Data supplied section start

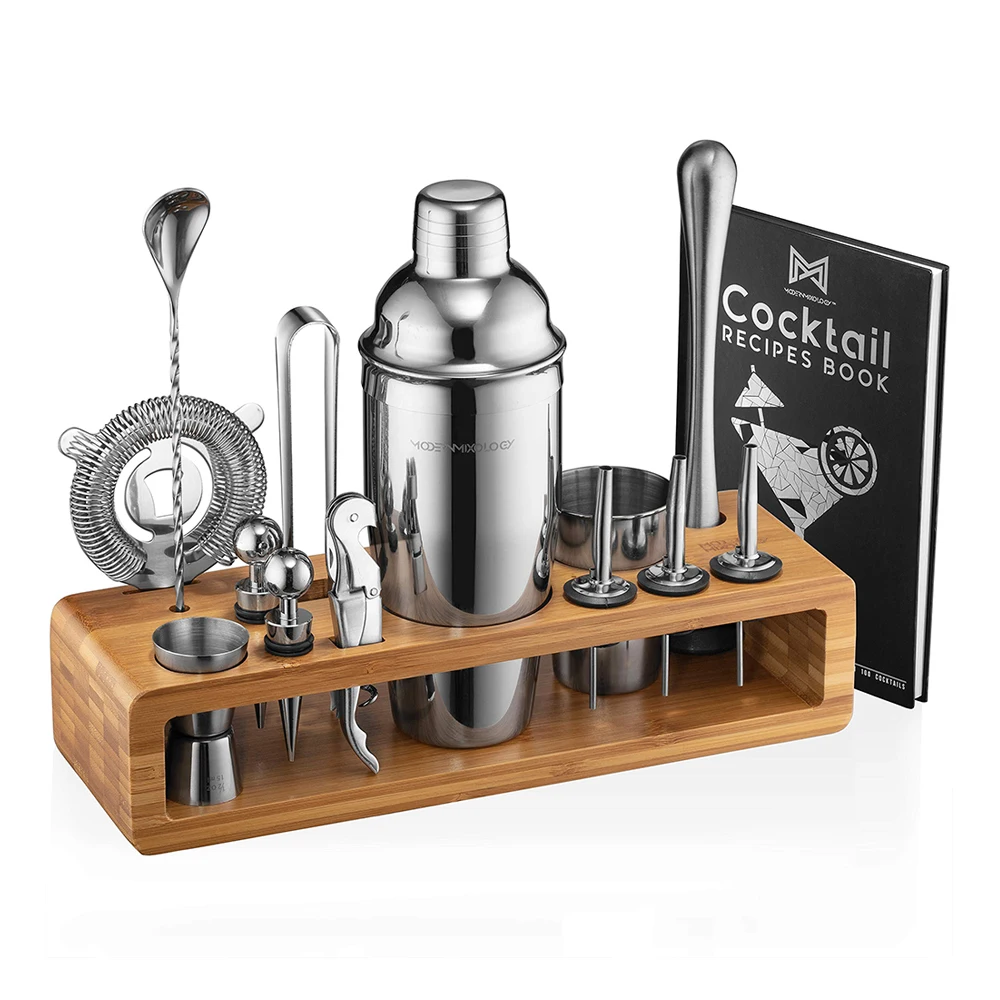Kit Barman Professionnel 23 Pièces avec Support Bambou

Data supplied section end
Data supplied section start

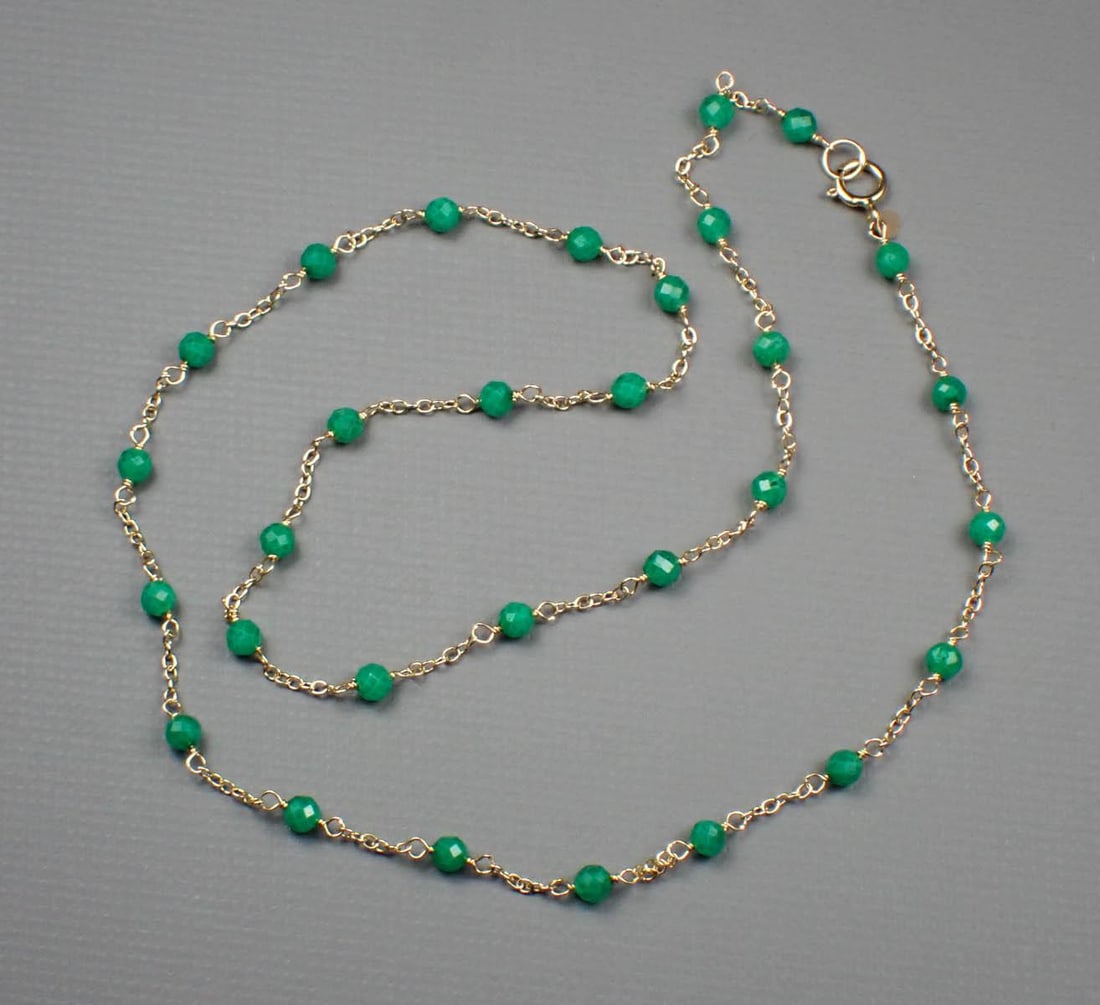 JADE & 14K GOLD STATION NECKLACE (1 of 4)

Data supplied section end
Data supplied section start

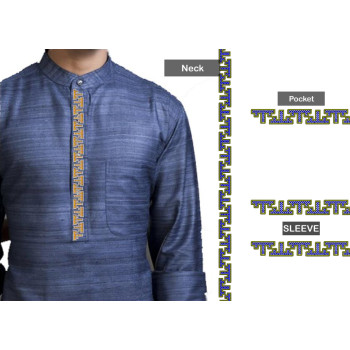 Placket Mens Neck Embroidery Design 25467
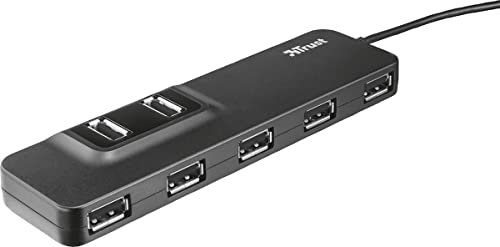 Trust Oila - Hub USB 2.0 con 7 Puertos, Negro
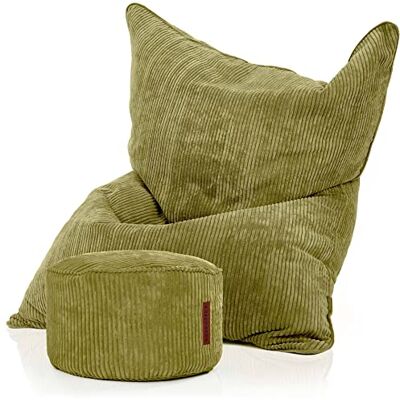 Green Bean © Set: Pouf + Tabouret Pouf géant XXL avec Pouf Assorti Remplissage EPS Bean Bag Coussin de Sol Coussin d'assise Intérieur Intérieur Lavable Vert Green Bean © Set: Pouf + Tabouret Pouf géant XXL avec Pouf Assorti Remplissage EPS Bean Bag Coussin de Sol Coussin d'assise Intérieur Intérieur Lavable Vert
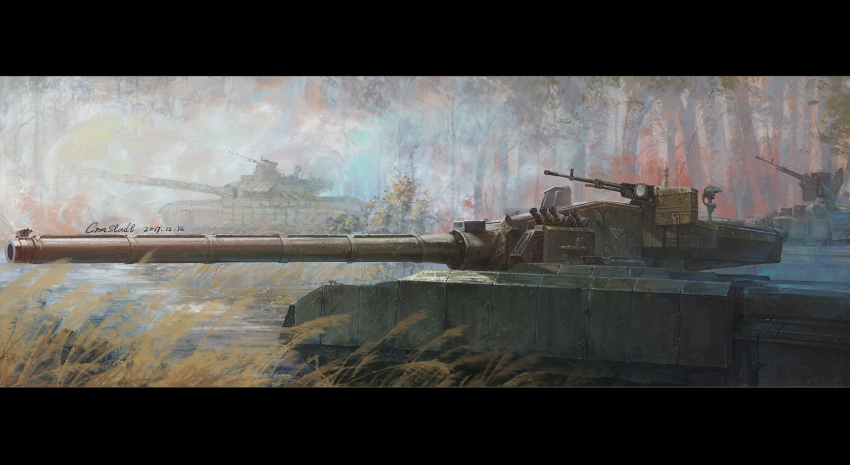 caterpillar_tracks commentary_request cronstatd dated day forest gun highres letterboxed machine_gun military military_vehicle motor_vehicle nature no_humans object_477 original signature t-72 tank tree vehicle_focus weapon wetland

Data supplied section end

What you are asked to do:
Look above for the line holding "Trust Oila - Hub" and output everything from it down to the line holding "caterpillar_tracks commentary_request cronstatd", both ends included, exactly and without images.

Answer to this exercise:
 Trust Oila - Hub USB 2.0 con 7 Puertos, Negro
 Green Bean © Set: Pouf + Tabouret Pouf géant XXL avec Pouf Assorti Remplissage EPS Bean Bag Coussin de Sol Coussin d'assise Intérieur Intérieur Lavable Vert Green Bean © Set: Pouf + Tabouret Pouf géant XXL avec Pouf Assorti Remplissage EPS Bean Bag Coussin de Sol Coussin d'assise Intérieur Intérieur Lavable Vert
 caterpillar_tracks commentary_request cronstatd dated day forest gun highres letterboxed machine_gun military military_vehicle motor_vehicle nature no_humans object_477 original signature t-72 tank tree vehicle_focus weapon wetland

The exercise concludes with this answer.